Re: [PATCH v5] KVM: x86/tsc: Don't sync TSC on the first write in state restoration

From: David Woodhouse
Date: Wed Sep 13 2023 - 05:51:55 EST




On 13 September 2023 11:43:56 CEST, Like Xu <like.xu.linux@xxxxxxxxx> wrote:

>> Why? Can't we treat an explicit zero write just the same as when the kernel does it?
>
>Not sure if it meets your simplified expectations:

Think that looks good, thanks. One minor nit...


>diff --git a/arch/x86/kvm/x86.c b/arch/x86/kvm/x86.c
>index 6c9c81e82e65..0f05cf90d636 100644
>--- a/arch/x86/kvm/x86.c
>+++ b/arch/x86/kvm/x86.c
>@@ -2735,20 +2735,35 @@ static void kvm_synchronize_tsc(struct kvm_vcpu *vcpu, u64 data)
> * kvm_clock stable after CPU hotplug
> */
> synchronizing = true;
>- } else {
>+ } else if (!data || kvm->arch.user_set_tsc) {

If data is zero here, won't the first if() case have been taken, and set synchronizing=true?

So this is equivalent to "else if (kvm->arch.user_set_tsc)". (Which is fine and what what I intended).

> u64 tsc_exp = kvm->arch.last_tsc_write +
> nsec_to_cycles(vcpu, elapsed);
> u64 tsc_hz = vcpu->arch.virtual_tsc_khz * 1000LL;
> /*
>- * Special case: TSC write with a small delta (1 second)
>- * of virtual cycle time against real time is
>- * interpreted as an attempt to synchronize the CPU.
>+ * Here lies UAPI baggage: when a user-initiated TSC write has
>+ * a small delta (1 second) of virtual cycle time against the
>+ * previously set vCPU, we assume that they were intended to be
>+ * in sync and the delta was only due to the racy nature of the
>+ * legacy API.
>+ *
>+ * This trick falls down when restoring a guest which genuinely
>+ * has been running for less time than the 1 second of imprecision
>+ * which we allow for in the legacy API. In this case, the first
>+ * value written by userspace (on any vCPU) should not be subject
>+ * to this 'correction' to make it sync up with values that only
>+ * from from the kernel's default vCPU creation.
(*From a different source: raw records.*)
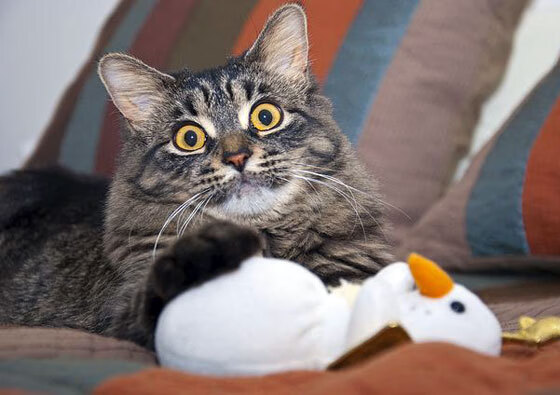 九游娱乐app下载-5分钟决胜：最后段比赛激烈拼抢，谁能笑到最后？，五分钟比赛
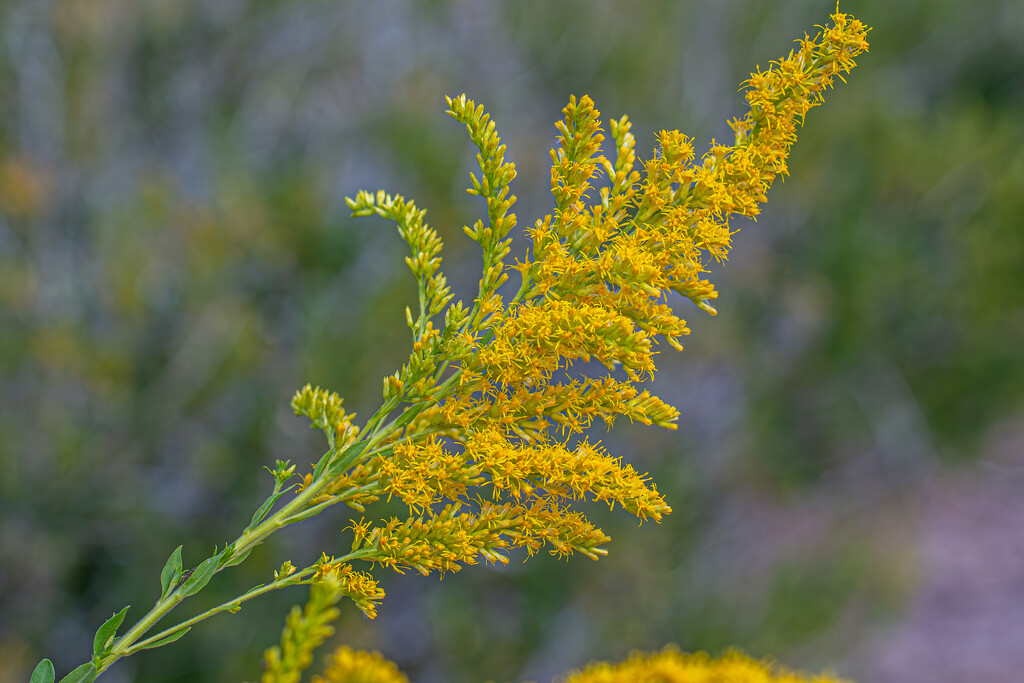 Goldenrod... by thewatersphotos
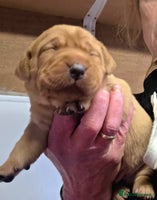 Labrador Retriever dogs - Advert 2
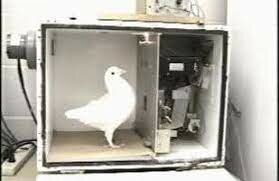 Skinner: experimento palomas
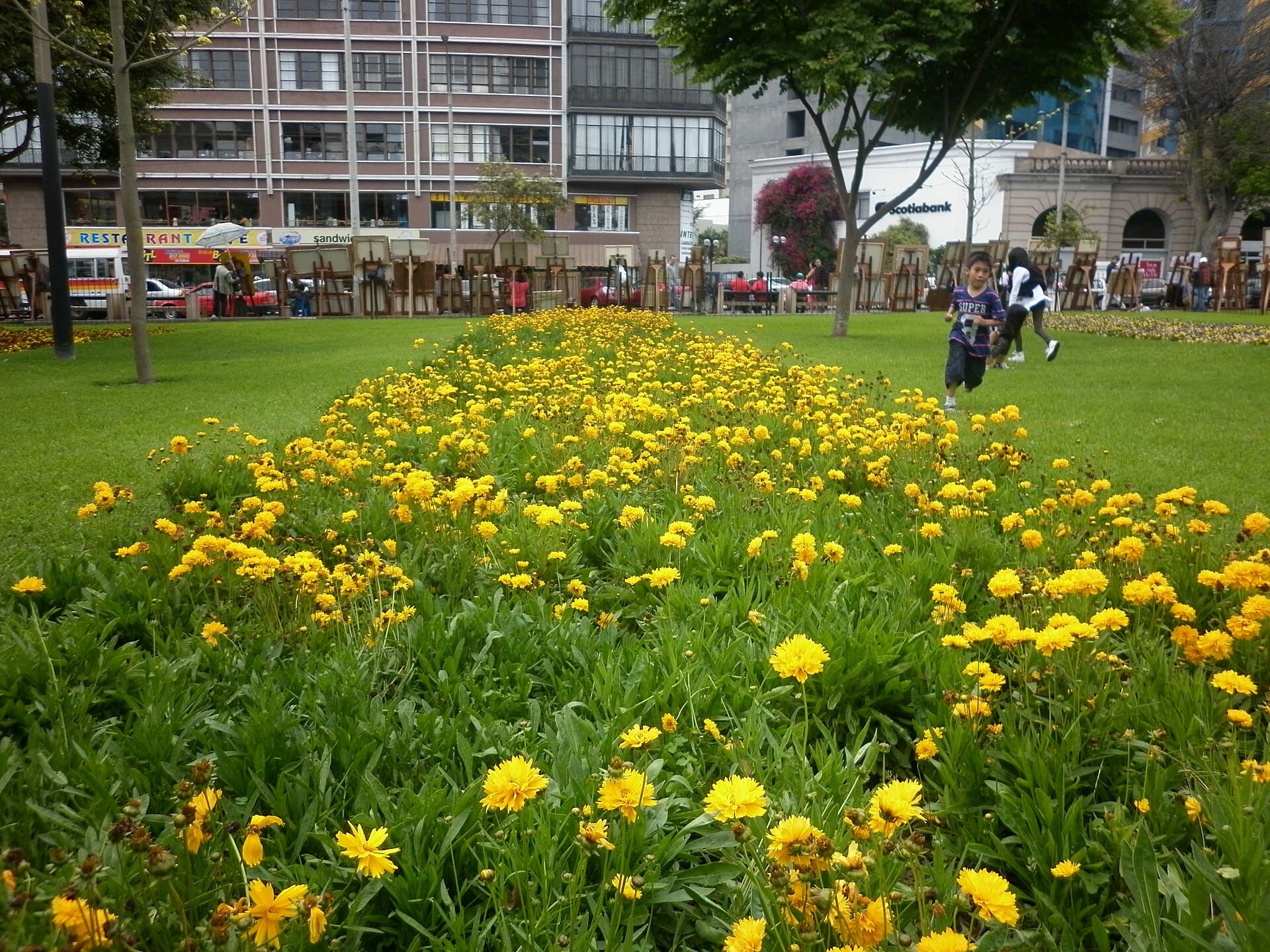 Parque Kennedy, Miraflores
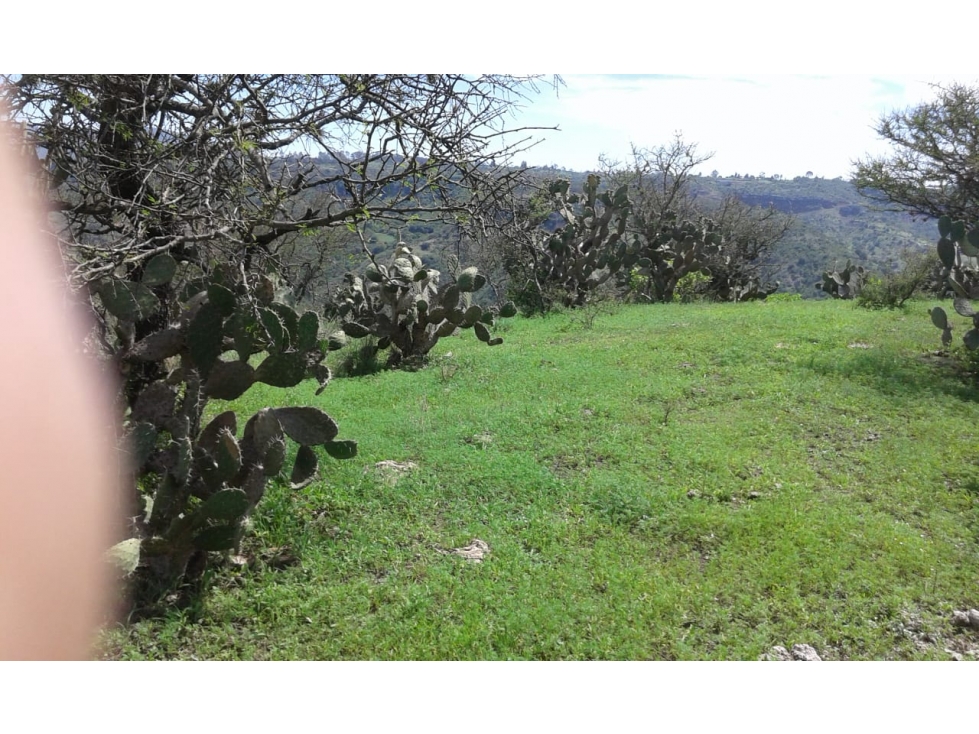 Terreno en Atotonilco el Grande en Venta — foto 6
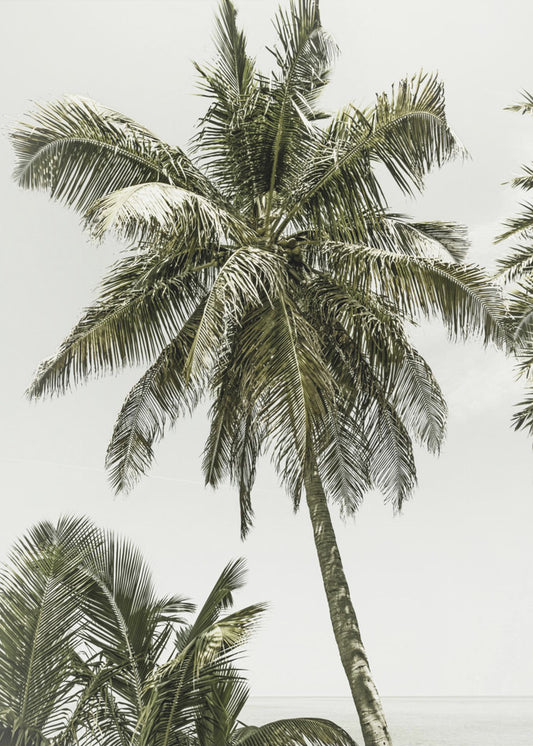 Palm Trees by the ocean | Vintage | Canvas
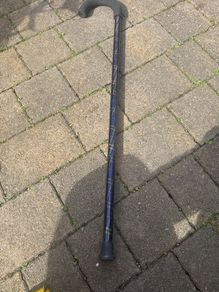 walking stick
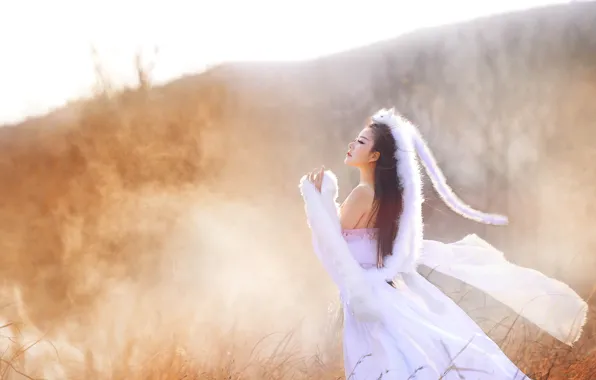 Girl, light, nature, fog, style, hill, Fox, couples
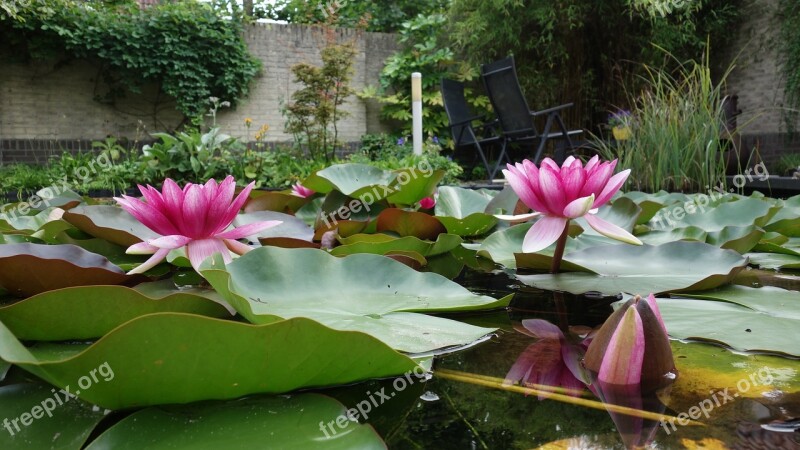 Water Lily Pond Water Plant Bloom Water Flower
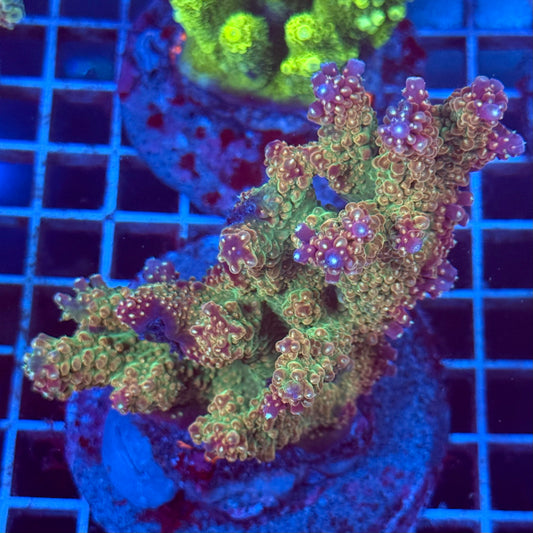 Acropora Colony T2D2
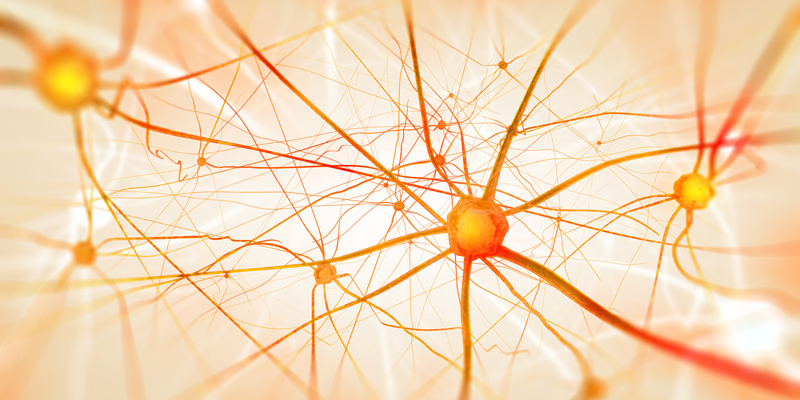 Neurologische Erkrankungen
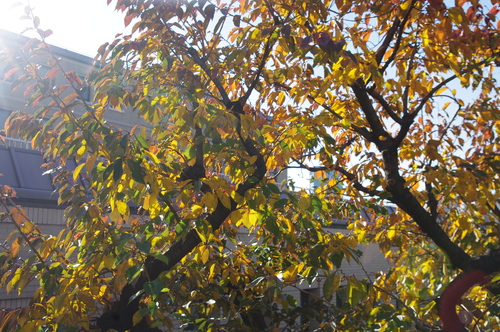 f0054677_921513.jpg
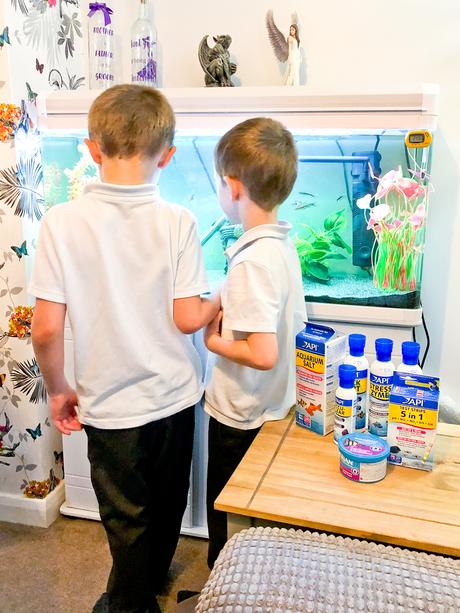 How To Set Up & Take Care Of An Aquarium With Kids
Make the 1-second
>+ * slop hack only trigger if flag is already set.
>+ *
>+ * The correct answer is for the VMM not to use the legacy API.
> */
> synchronizing = data < tsc_exp + tsc_hz &&
> data + tsc_hz > tsc_exp;
> }
> }
>
>+ if (data)
>+ kvm->arch.user_set_tsc = true;
>+
> /*
> * For a reliable TSC, we can match TSC offsets, and for an unstable
> * TSC, we add elapsed time in this computation. We could let the
>@@ -5536,6 +5551,7 @@ static int kvm_arch_tsc_set_attr(struct kvm_vcpu *vcpu,
> tsc = kvm_scale_tsc(rdtsc(), vcpu->arch.l1_tsc_scaling_ratio) + offset;
> ns = get_kvmclock_base_ns();
>
>+ kvm->arch.user_set_tsc = true;
> __kvm_synchronize_tsc(vcpu, offset, tsc, ns, matched);
> raw_spin_unlock_irqrestore(&kvm->arch.tsc_write_lock, flags);
>
>